He loves the jumps, tunnels, and even weaves, and has picked up how to follow my hands already.

However, we have a couple of issues that I am looking for advice on.


Firstly - his wait at the start. At home and on lead his wait's are perfect. We have practiced over and over again, no problem. But we get to the front of the queue in class and I take his lead off and tell him to wait, and zoom, he's off. He usually goes over the first couple of jumps before either coming back to me or running off to see what the dog in the next class over is doing. Once he comes back, he is more likely to wait (not every time though) and if he does he does the course perfect! But, obviously, if we can't wait then its pretty hard to get anywhere with agility!

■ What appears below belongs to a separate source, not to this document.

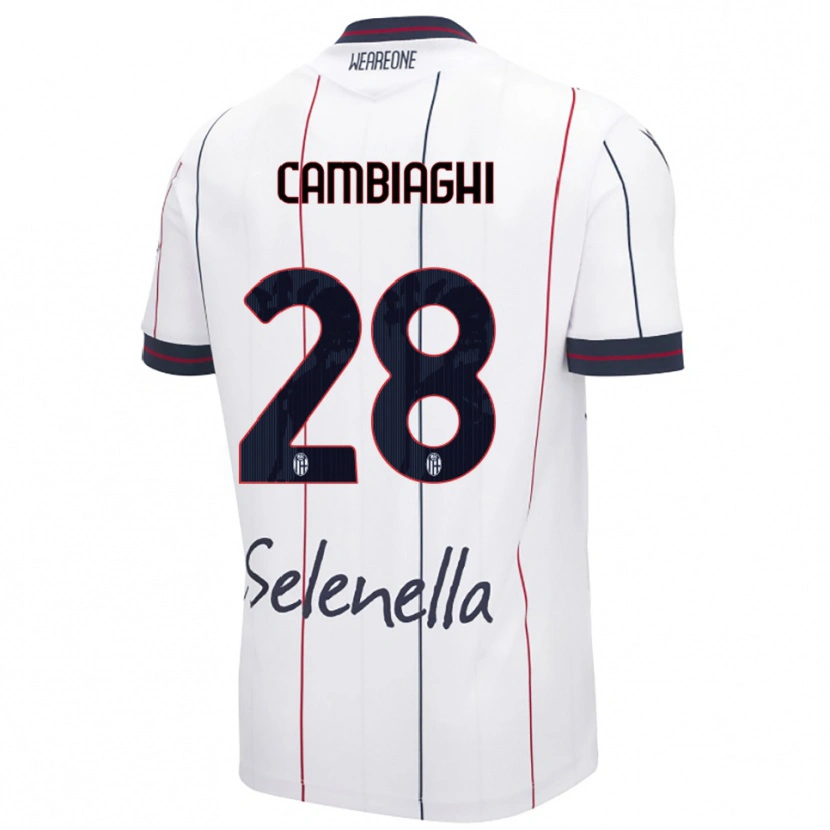 Danxen Women Nicolò Cambiaghi #28 White Royal Blue Away Jersey 2025/26 T-Shirt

Second issue - half way through class he starts lying down and looking like he's tired and/or bored. Is this an age thing, a training thing, or an owner's behaviour thing? His first two puppy classes he loved, but the third course (at 6 moths old) we did had so much waiting around that this behaviour started, and it hasn't stopped.


Third - this is an issue not related to agility as per say. But his behaviour has got naughty. When he is off lead at the dog park he jumps on people. Not on me, and not at home. But off lead its anyone's game. I think he is getting too excited - but how do I control that when we are out and about with other dogs? He has also stopped listening to the odd command that he knows and has always followed (for instance, 'leave' when we see a muddy pond. Until two weeks ago he listened, but the last couple of times it's been right in!)


Maybe there is a common thread here that I am missing, and most likely my training/energy/behaviour needs adjusting. Ideas? Please???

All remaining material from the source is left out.